Minggu, 25 Oktober 2009

Kabinet Indonesia Bersatu atau Kabinet Koncoisme?

Pada hari Kamis, tanggal 22 Oktober 2009, Presiden Susilo Bambang Yudhoyono (SBY) telah melantik para menterinya yang tergabung dalam Kabinet Indonesia Bersatu II (KIB II). Seperti sudah diduga sebelumnya, posisi menteri banyak diisi oleh orang-orang partai politik dan profesional atau gabungan keduanya, dengan latar belakang yang beragam, baik suku, agama maupun ras. Banyak kritikan yang menyatakan kabinet ini tidak jauh berbeda dengan kabinet KIB I sebelumnya yang lebih banyak mempertimbangkan aspek politis daripada kompetensi. Banyak posisi menteri yang diisi oleh orang-orang yang tidak kompeten di bidangnya, bahkan ada kesan beberapa menteri diangkat hanya sebagai balas jasa atas dukungannya sebagai pimpinan partai koalisi maupun karena keberaniannya untuk secara terang-terangan memberikan dukungannya kepada SBY dalam kampanye pemilihan presiden yang lalu.
Sesungguhnya jabatan menteri memang merupakan jabatan politis, sehingga wajar apabila SBY lebih banyak mempertimbangkan aspek politis ketimbang kompetensi. Namun demikian tidak berarti SBY tidak mempertimbangkan aspek kompetensi sama sekali karena banyak juga orang-orang partai yang mempunyai latar belakang pendidikan, pengetahuan dan pengalaman di bidang profesional. Banyak orang partai yang juga sekaligus seorang profesional.
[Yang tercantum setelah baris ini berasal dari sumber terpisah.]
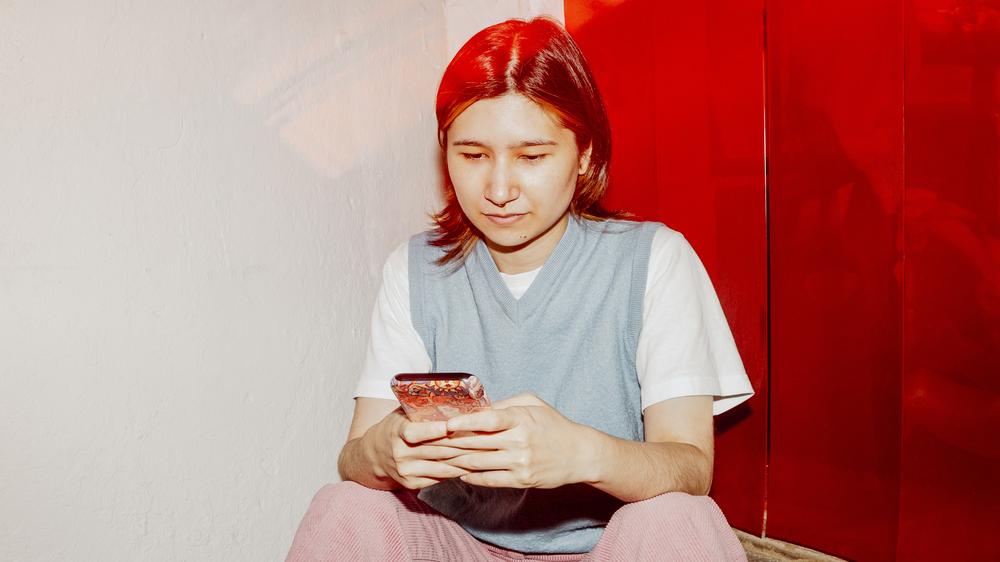 "Hyperreaktiv" von Annekathrin Kohout: Im Gegensatz zur Printkultur lädt das Internet regelrecht ein zum öffentlichen Reagieren.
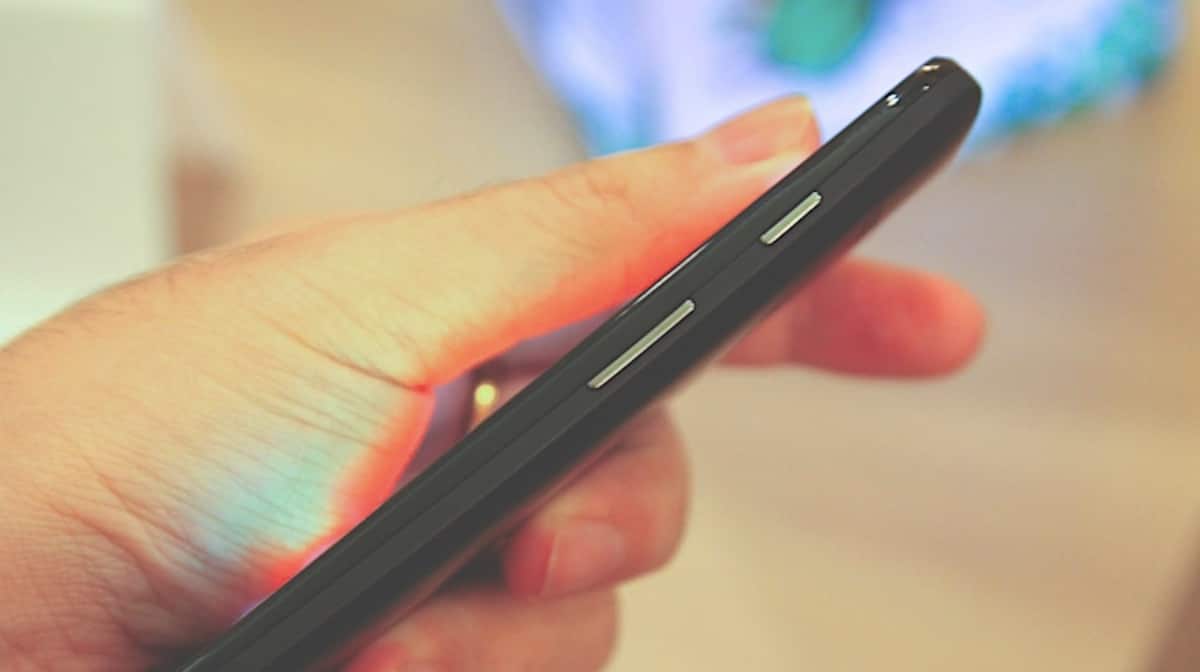 You are currently viewing This phone is a power bank in itself!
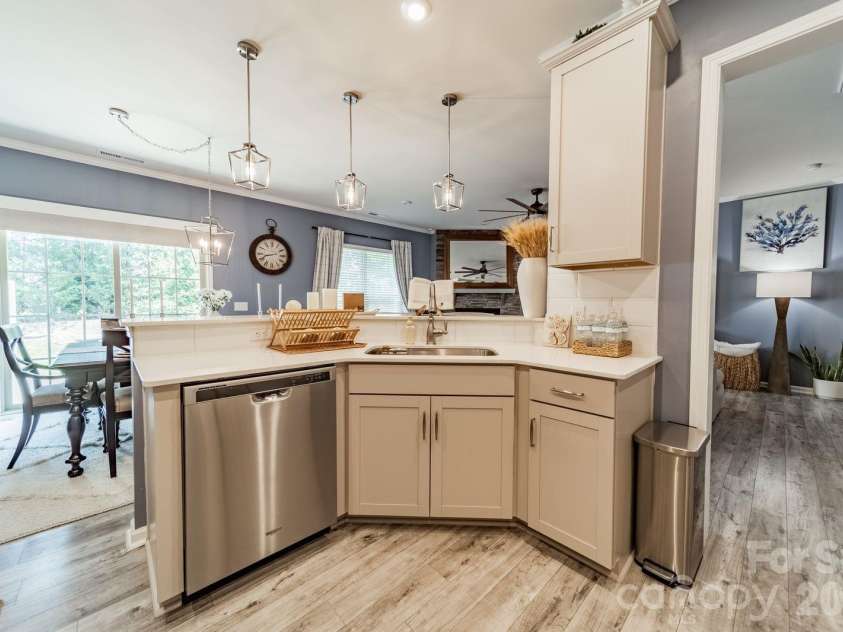1038 Crest Oak Lane, Fort Mill, SC 29707.  MLS# CAR4384950, YatesRealty ID 29688. 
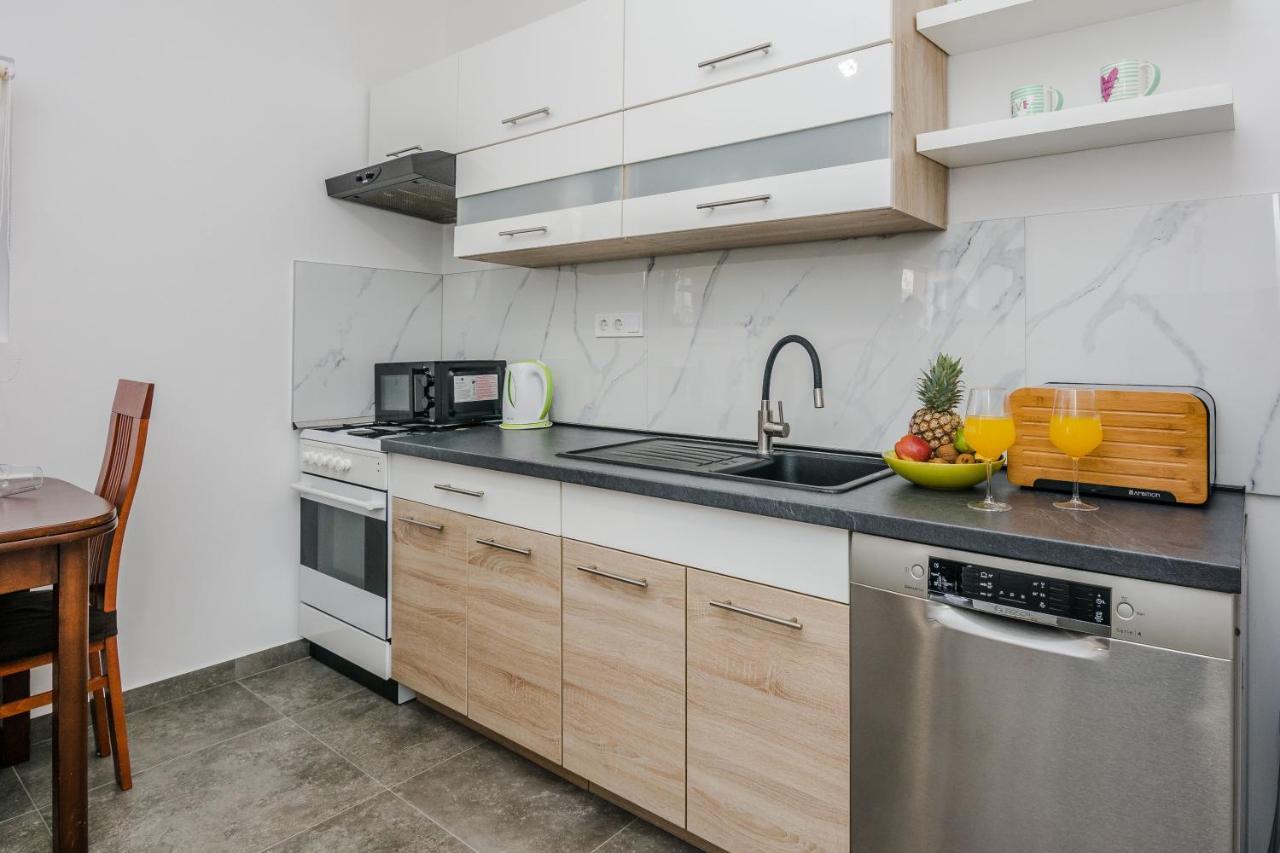 Lovely Apartment M&K In Peaceful Area - Zara Esterno foto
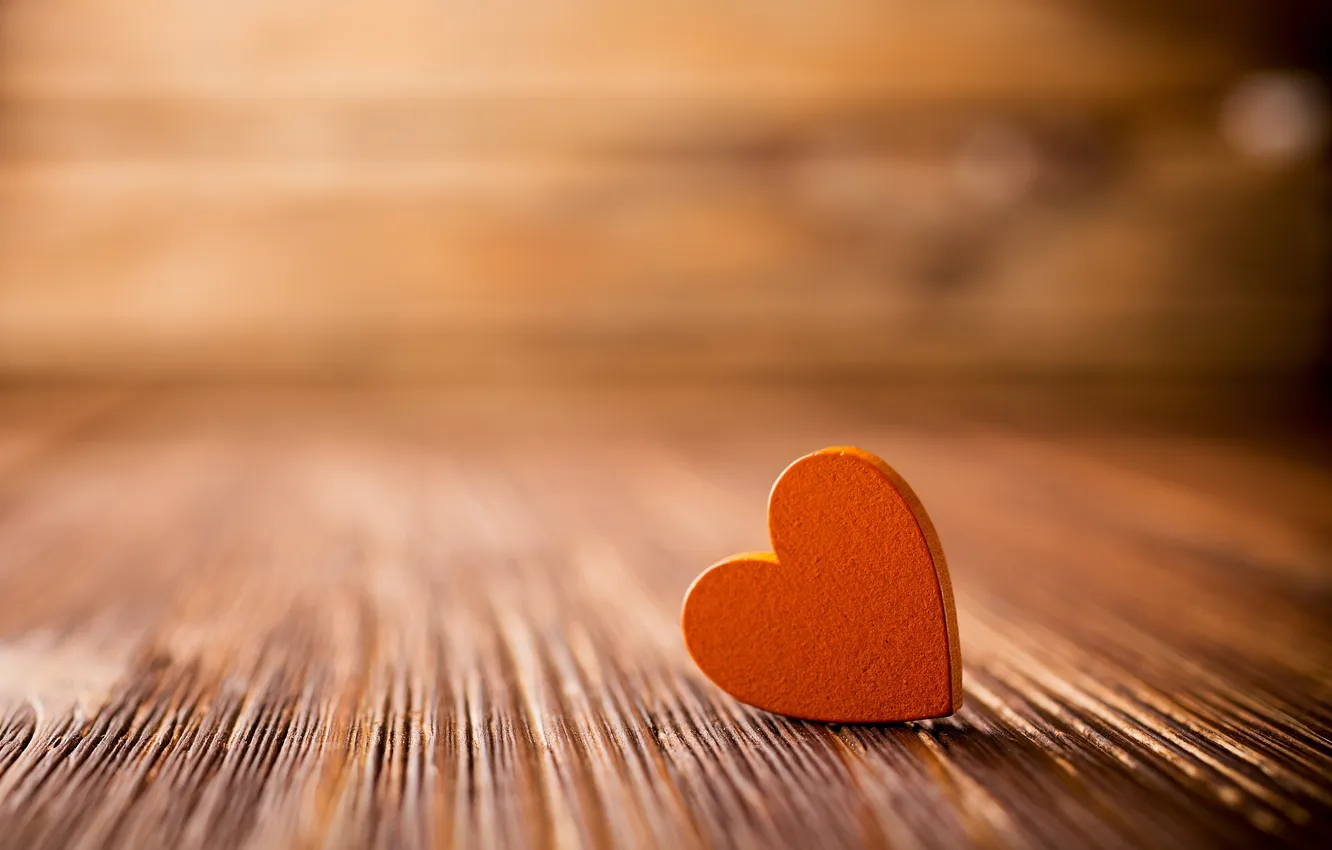 Фото обои макро, стол, дерево, сердце, коричневое, сердечко, оранжевое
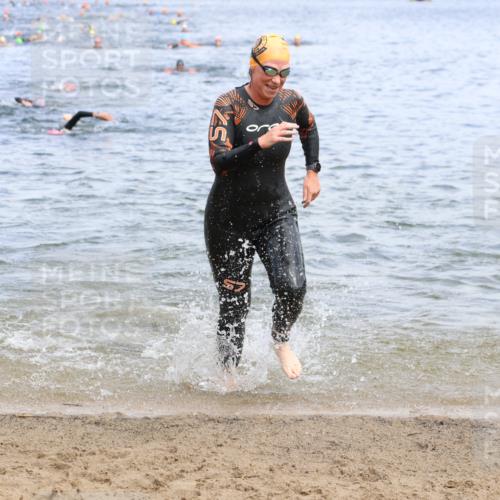 16.06.2024 - 26. Vierlanden-Triathlon Strokosch-Dieckow http://msf.ph/oto/6338849 16.06.2024 11:16:58 Schwimmen 477, 482, 485, 502, 549, 586, 591, 637, 477, 482, 485, 502, 549, 586, 591, 637 meine-sportfotos.de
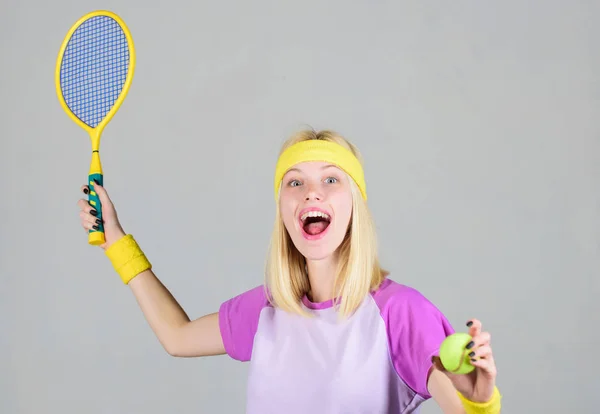 Ocio activo y hobby. Chica en forma delgada rubia jugar al tenis. Deporte para mantener la salud. Estilo de vida activo. La mujer tiene raqueta de tenis en la mano. Concepto de club de tenis. Tenis deporte y entretenimiento — Foto de Stock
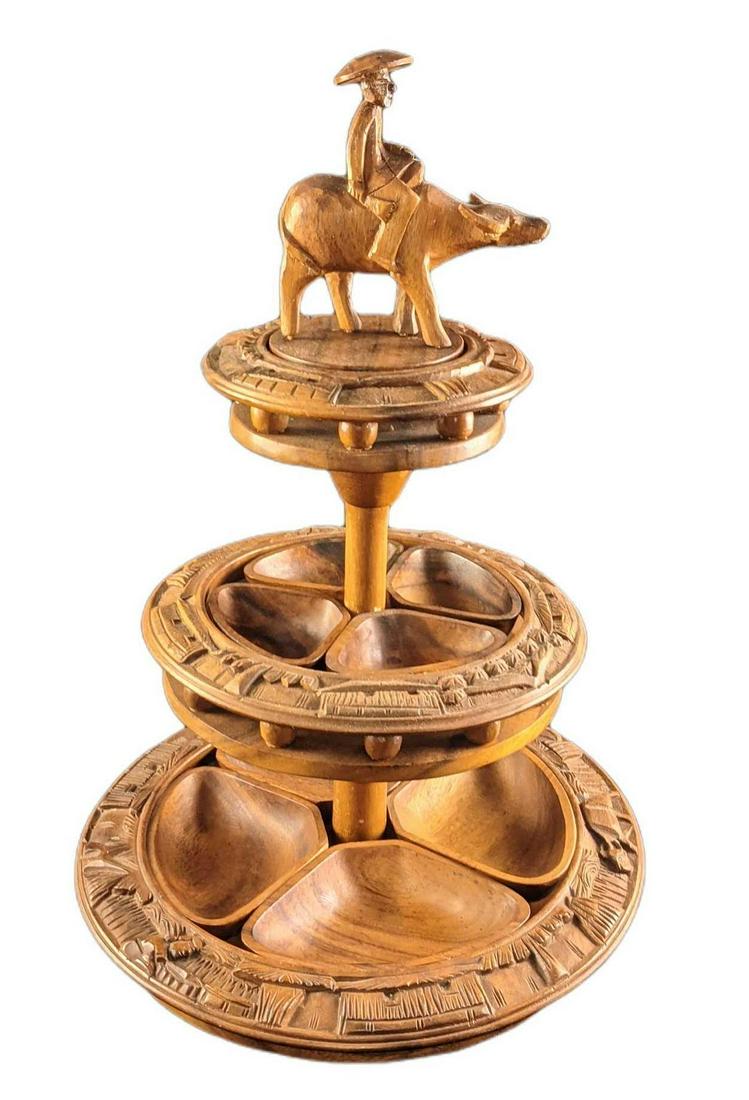 Monkey Pod Wood Water Buffallo Serving Lazy Susan (1 of 7)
Figur SBY yang kalem, santun, dan religius memang merupakan magnit buat sebagian besar rakyat Indonesia yang secara kultur dan psikologis lebih menyukai orang-orang dengan karakter seperti SBY. Karakter yang sama juga melekat pada diri Boediono. Satu hal yang menarik, apabila kita menilik pada karakter para menteri pilihan SBY kali ini, bisa dibilang orang-orang yang dipilih sebagian besar mempunyai karakter yang kalem, santun, dan religius. Karakter tersebut bisa kita temukan antara lain pada diri Hatta Radjasa, Djoko Suyanto dan Agung Laksono yang dipercaya menjadi Menteri Koordinator. Hal tersebut menunjukkan kepada kita betapa SBY tidak hanya mempertimbangkan aspek politis dan kompetensi, namun juga pada kepribadian seseorang. Tugas seorang menteri adalah membantu presiden dalam menjalankan pemerintahan, oleh karenanya wajar apabila seorang presiden akan memilih orang-orang yang dapat dipercaya dan mempunyai karakter yang cocok dengan dirinya. SBY juga hanya memilih orang-orang yang mau loyal kepadanya, sebagaimana telah dia tegaskan pada pelantikan KIB II yang lalu. Presiden adalah nakhoda, loyalitas dan garis pertanggung jawaban menteri kepada presiden, bukan kepada pimpinan partainya masing-masing.

Hal yang perlu kita camkan adalah sistem pemerintahan yang kita anut adalah sistem pemerintahan presidensil. Rakyat memilih presidennya, lalu presiden yang memilih para menteri sebagai pembantunya. Setuju atau tidak setuju, pemilihan dan pengangkatan menteri adalah hak prerogatif presiden. Seorang presiden mempunyai kewenangan mutlak untuk memilih para pembantunya berdasarkan pertimbangan subyektifitasnya. Baik-buruknya kinerja para menteri nanti akan mereka pertanggung jawabkan kepada presiden sebagai kepala pemerintahan, sedangkan baik-buruknya kinerja para menteri yang mengakibatkan baik-buruknya pemerintahan adalah tanggung jawab presiden kepada rakyatnya. Namun demikian SBY tentu tetap memikirkan segala dampak dari pilihannya, hal tersebut dapat kita cermati dari penegasannya kepada para menteri untuk mengabdikan pikiran, waktu dan tenaganya untuk kepentingan rakyat dan kinerja para menteri tersebut akan dievaluasi setiap tahunnya, sehingga tidak menutup kemungkinan akan terjadinya reshuffle kabinet.

Demikianlah. Pemerintahan baru telah terbentuk, kita berikan kesempatan kepada mereka untuk mulai bekerja, tidak adil rasanya, apabila baru dilantik kita sudah meragukan apalagi menilai kinerja mereka. Mari kita dukung pemerintahan ini dengan satu tujuan untuk keadilan dan kesejahteraan seluruh rakyat Indonesia. Semoga.